Overseeing the initiative will be a group of four "Labs stewards" from Hyperledger's TSC, who will give quarterly project reports to the broader community about participant progress, and kill projects that become dormant.
Hyperledger introduces blockchain benchmark tool Caliper The Technical Steering Committee has accepted Caliper as Hyperledger’s latest project (March 2018). Caliper is a blockchain benchmark tool for blockchain frameworks designed to measure the performance of a specific blockchain implementation with a set of predefined use cases. Caliper will be listed in the tools section of the Hyperledger website.
The Caliper project that started in May 2017 was designed and developed by Huawei. Developers from other groups including names like Oracle, Soramitsu, and IBM have since joined the work. Hyperledger wants Caliper to be used by its other projects as a reference when building out frameworks and choosing blockchain implementations. Hyperledger believes a common benchmarking tool is necessary because existing performance reports “don’t often provide the source code, making it hard to validate the evaluation, and there are no common defined indicators.”
A key component of Caliper is the adaptation layer. This enables the integration multiple blockchain solutions into the framework. The adaptor is implemented for each blockchain system under test and is responsible for the translation of Caliper NBIs (NorthBound interfaces) into corresponding blockchain protocol. The NBIs provides interaction with backend blockchain system.
“The hope is that Hyperledger Caliper provides the community with a functioning benchmark tool capable of running against many Hyperledger frameworks,” “With the help of the community, we will be putting continuous effort into the definition of performance indicators and benchmark use cases. The success of the project will depend on many users within the community using it as the benchmark tool.” Hyperledger
The hope is that the tool will provide benchmarking for many blockchain frameworks. For now, three Hyperledger sub projects are in scope for Caliper: Fabric, Sawtooth, and Iroha.

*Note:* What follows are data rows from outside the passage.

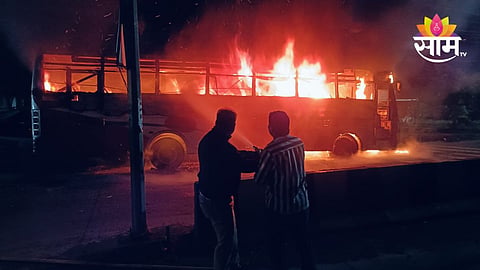 Buldhana Private Bus Fire
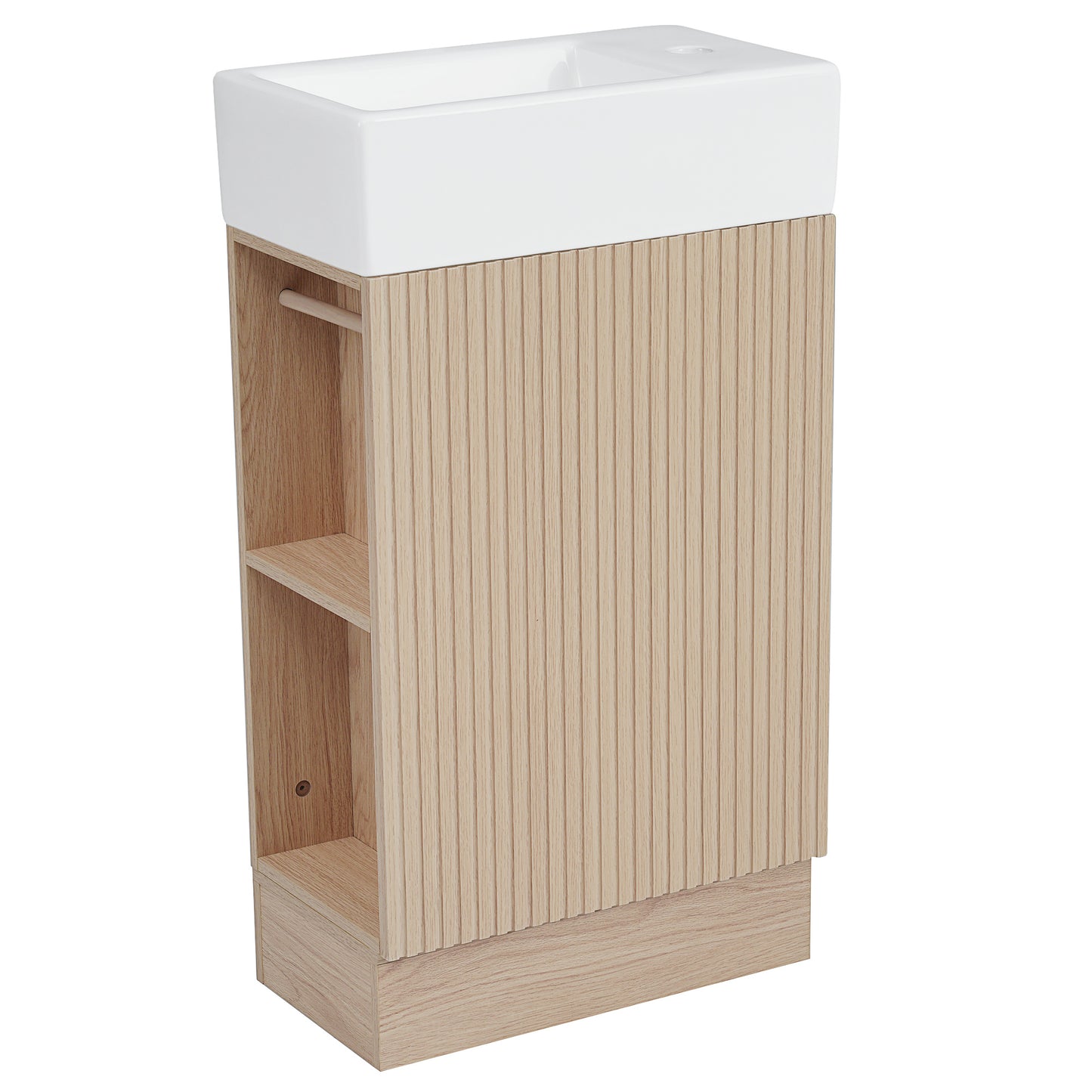 18.6\\\" Luxurious Vanity with storage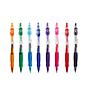 BOLIGRAFO M&G R5 GEL RETRACTIL 0.7 X 8 COLORES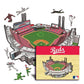 Cincinnati Reds™ Great American Ball Park - Holzpuzzle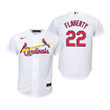 Youth St Louis Cardinals #22 Jack Flagerty 2020 Home White Jersey Gift For Cardinals Fans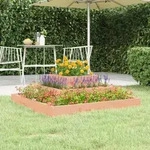 vidaXL Pflanzk&uuml;bel 80x80x27 cm Massivholz Douglasie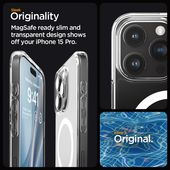 Pokrowiec etui Spigen Ultra Hybrid Mag Magsafe Frost przeźroczyste APPLE iPhone 15 Pro / 10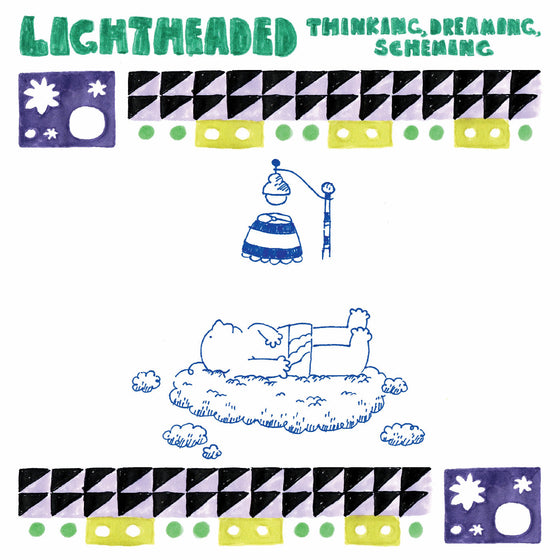 Lightheaded - Thinking, Dreaming, Scheming! CD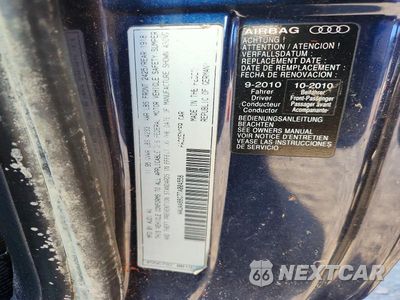 Zdjęcie 12 z 12 samochodu: 1992 AUDI CABRIOLET VIN:WAUAA88G7TA004558 - miniatura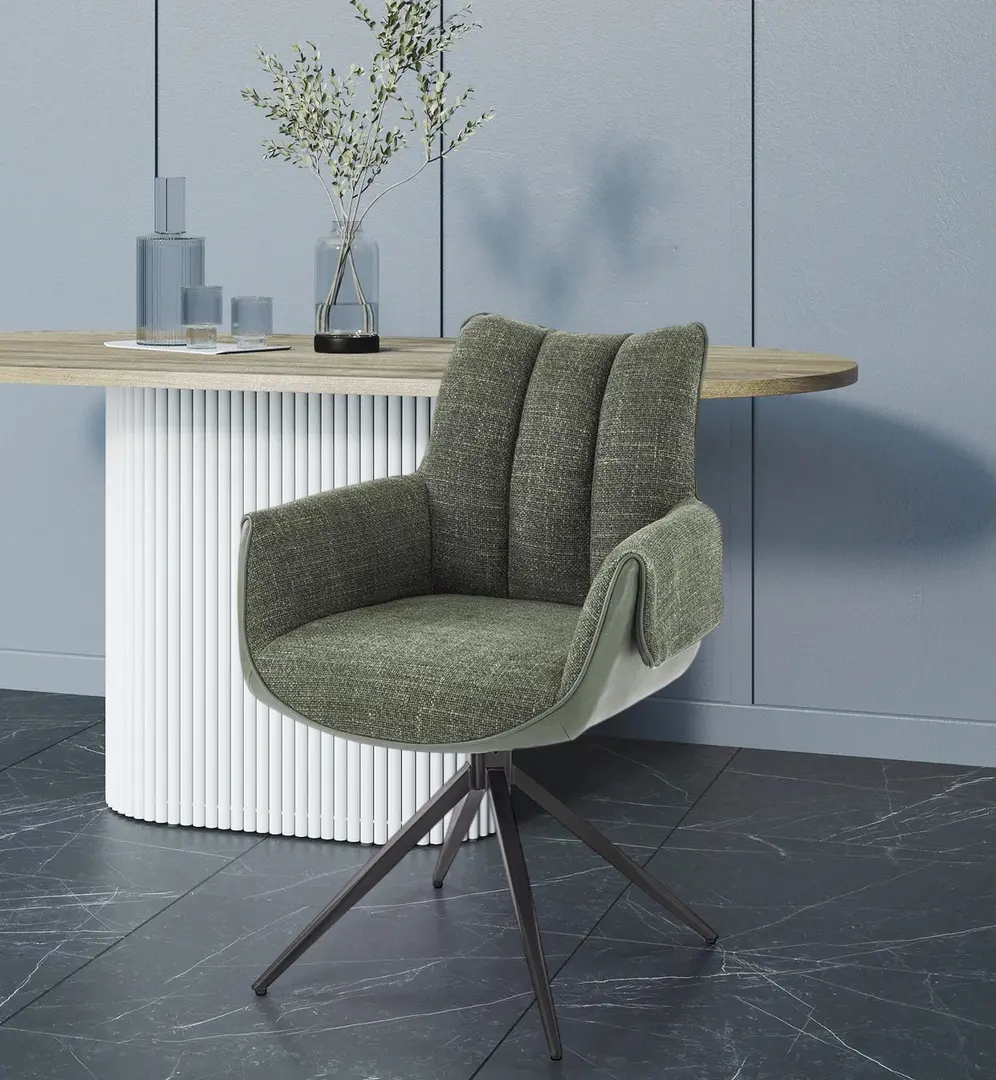 Стул Halmar K579 (Green/Black)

What can we further expect?
Several Hyperledger initiatives have been launched in 2017 with the aim to provide an open, smart, interoperable technology infrastructure that connects the global ecosystem. Interoperability is thereby seen by Hyperledger as of great importance, as more DLT providers have entered the market and more companies choose to create their own unique proprietary blockchains. Interoperability will allow each company, no matter what type of DLT they use, to work with each other without having to change what’s already implemented. We may expect to see several new Hyperledger projects, providing new types of ledgers, new versions of existing ones and specially amazing tools to work with. We will see new practices for legally binding of distributed ledgers and smart contracts as well as first impacts to industries using it. And we will see more projects and tools going from the incubation to the production-ready status.